Re: ACTION: task force unasserted triples

[copy to www-archive, not www-webont-wg; i.e. feel free
to show this to anybody you like, but I don't think
it's worth the WG's time...]


On Tue, 2002-04-23 at 12:14, Pat Hayes wrote:
[...]
> The situation can be summed up as follows.

This just looks like hand-waving and appeal to Authority,
not an actual technical argument.

Not to say that the burden of persuasion is necessarily
on you; but if you're trying to persuade me, this doesn't
do it. I would like to understand the technical argument.

> The WebOnt language is 
> obliged by the layering requirements

which layering requirements? Definite descriptions
without clear referents don't help much.

> to treat its own syntactic 
> constructions

What do you mean by 'syntactic constructions' here?
By my reckonning, the syntactic constructions of
WebOnt are exactly the same as those of RDF:

  terms: literals, bnodes, and URIref names
  atoms: S P O triples.
  formulas: conjunctions of atoms.

Please give an example of what you mean by syntactic
construct.

> as assertions of the existence of a class corresponding 
> to the syntactic construct(and in fact of a great deal else as well, 
> eg lists). This is because the RDF meaning of the RDF encoding of 
> every piece of the WebOnt language amounts to an assertion of the 
> existence of that class.

Quite. That's by design, and seems quite natural to me.
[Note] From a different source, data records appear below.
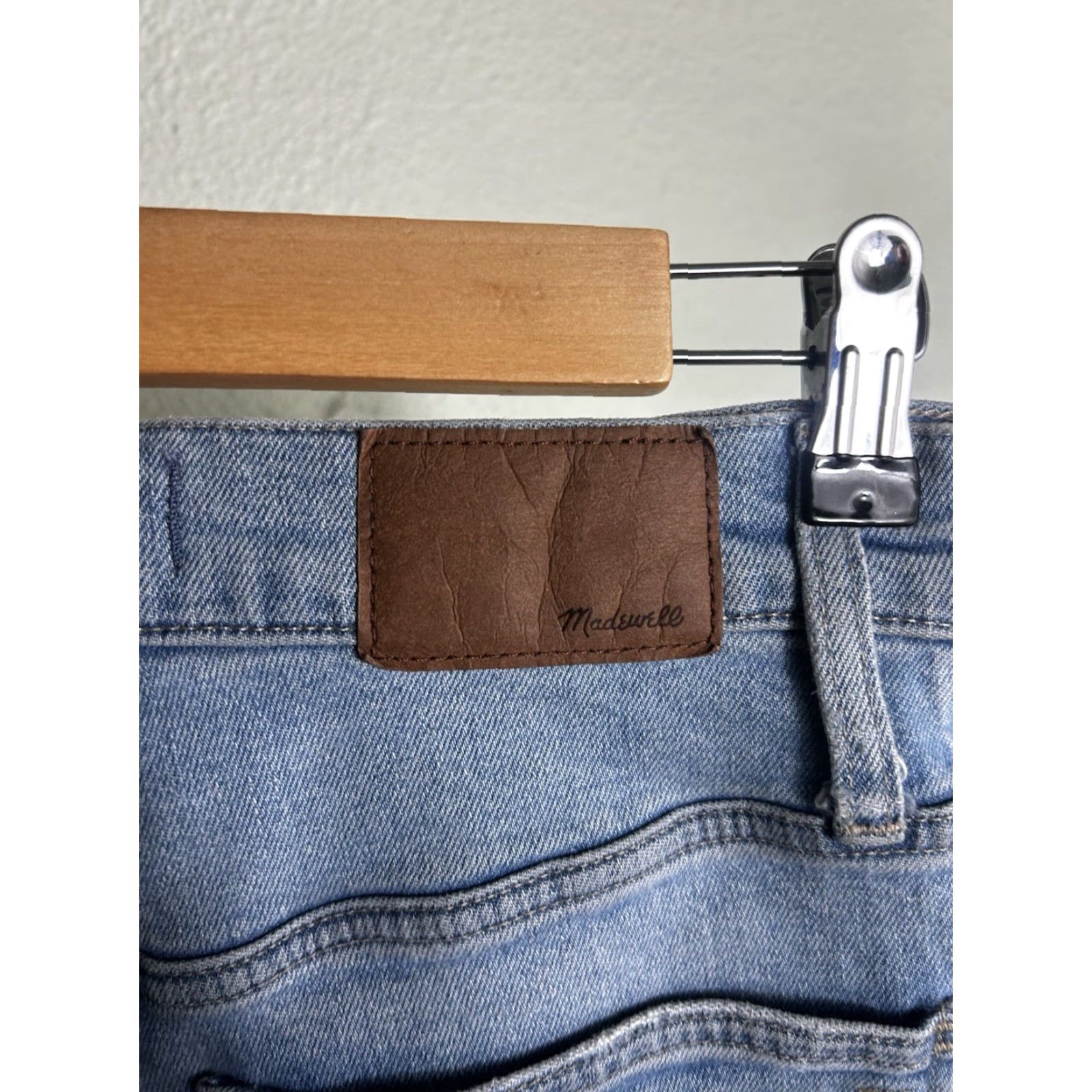 Madewell Madewell Womens Jeans Light Wash Vintage 24x27 Raw Hem Straight 24 25in Blue Size 42" / US 20 - 7 Thumbnail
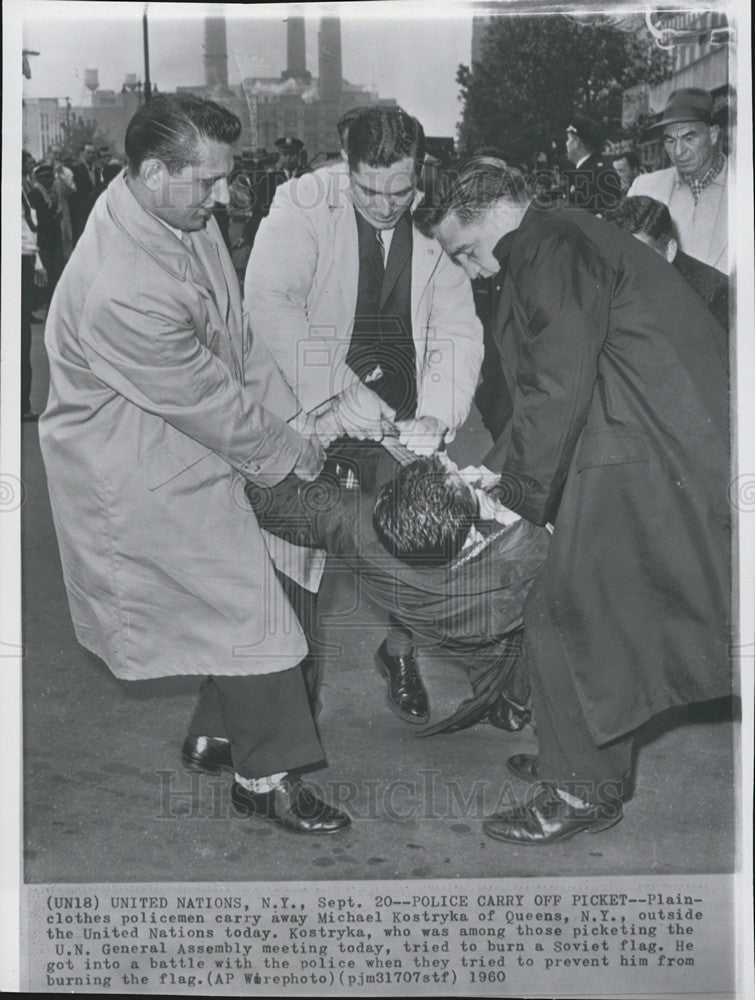 1960 Press Photo Cops Carry Picketer In NY United Nations Bldg-Burned Soviet Flg - Historic Images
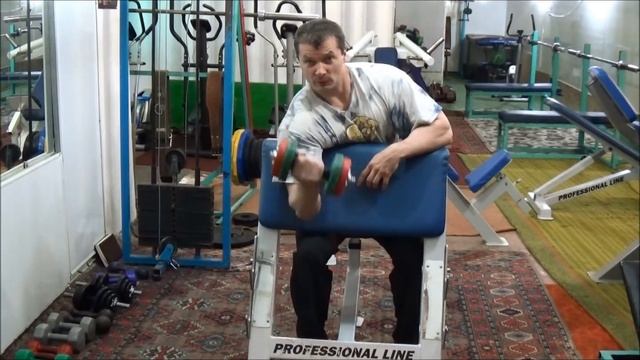 Сгибание рук на скамье Скотта смотреть онлайн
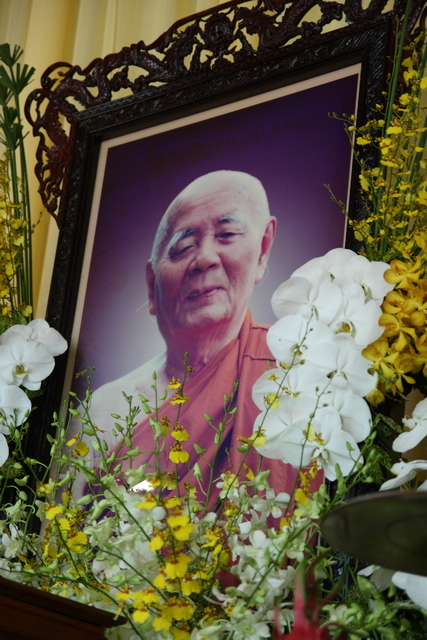 Chùm ảnh: Các đoàn viếng tang lễ HT. Thích Minh Châu sáng 03/09/2012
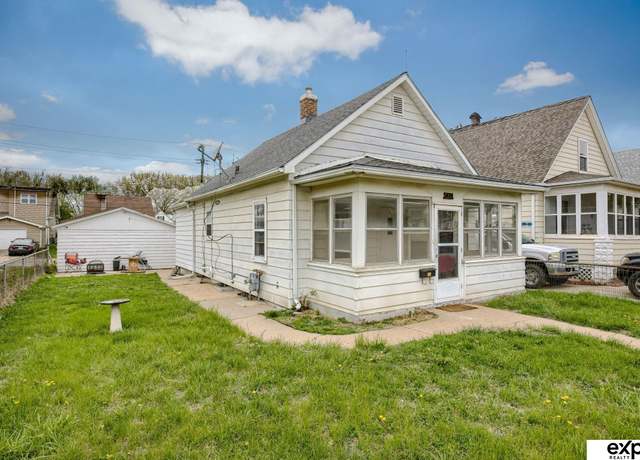 Property at 5134 S 39th St, Omaha, NE 68107, 3 beds, 1 bath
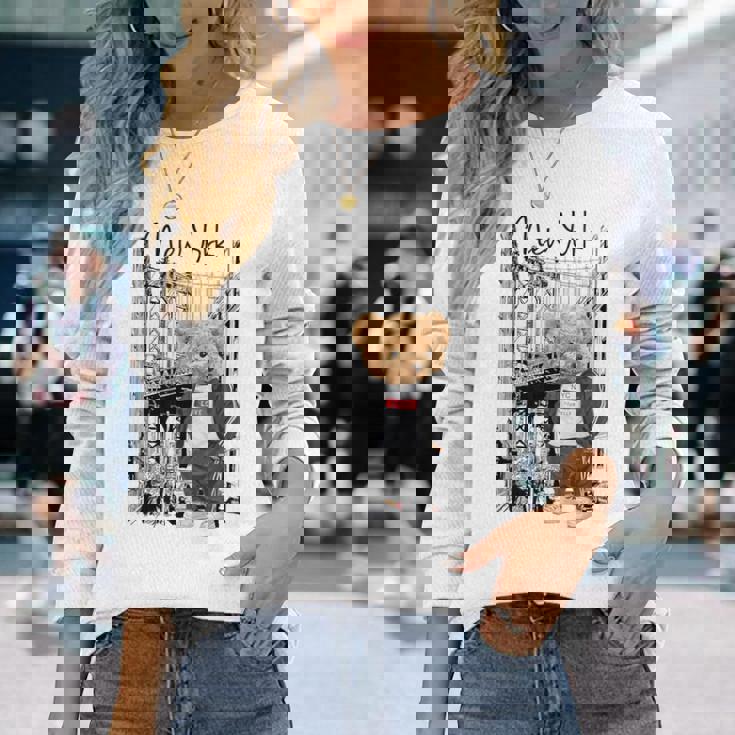 Cool New York City Teddy Bear Illustration Graphic s 長袖Tシャツ 彼女への贈り物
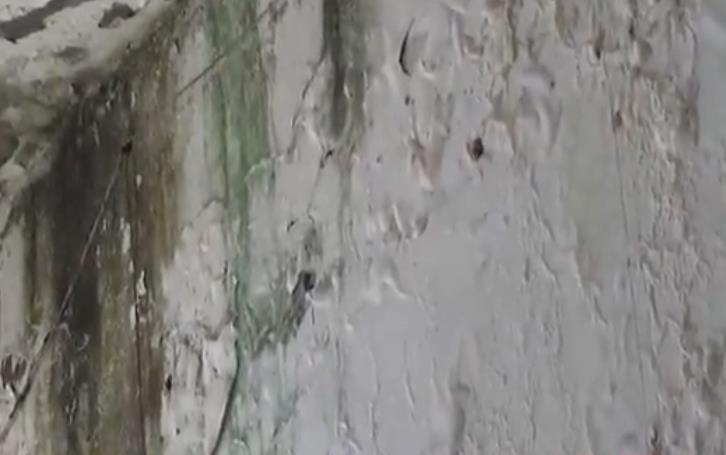 鄭州裝飾公司獲悉：重慶市民稱(chēng)假期在家看瀑布，房屋漏水漏到懷疑人生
> And, as Peter has shown, such a requirement 
> is very dangerous,

He has shown that it *can* be very dangerous.
He has not shown, to my satisfaction, that it
is must be dangerous in every case; that
there is no design that avoids the problems.

> since it can rapidly lead to paradoxes or 
> contradictions of various well-known kinds when the language is 
> reasonably expressive. (It may be worth emphasizing that the kind of 
> problems that Peter is talking about have been well-known now for 
> close to a century, are widely studied, and that there is no easy or 
> cute way to hack around them. Some very smart people (Hilbert, 
> Russell, Church, Turing, Goedel, Quine, Kripke, Montague) have 
> wrestled with these problems, and the consensus seems to be that 
> there isn't any way to avoid them.

Look, if it's that well-studied, just spell out (or at
least point to) the argument. An appeal to authority
only makes me more suspicious of your position;
recall our exchange about orthodoxy and Des-Cartes
experiences.


> Certainly they cannot be avoided 
> by appeals to other kinds of logic, such as multi-valued logics or 
> abandoning the law of excluded middle. They have the same kind of 
> status in foundations of mathematics as, say, the conservation of 
> energy has in physics. A blithe confidence that some way will be 
> found to hack around them should be treated rather like a patent 
> application for a perpetual-motion machine: its really not worth 
> getting into the details of what is wrong with it.)

Meanwhile, you found it worthwhile to read and criticize
Jeremy's attempt to do exactly this, no?
  http://lists.w3.org/Archives/Public/www-webont-wg/2002Apr/0202.html

That criticism doesn't seem to say that it's hopeless to
persue this line of work.

I don't understand how to reconcile your messages.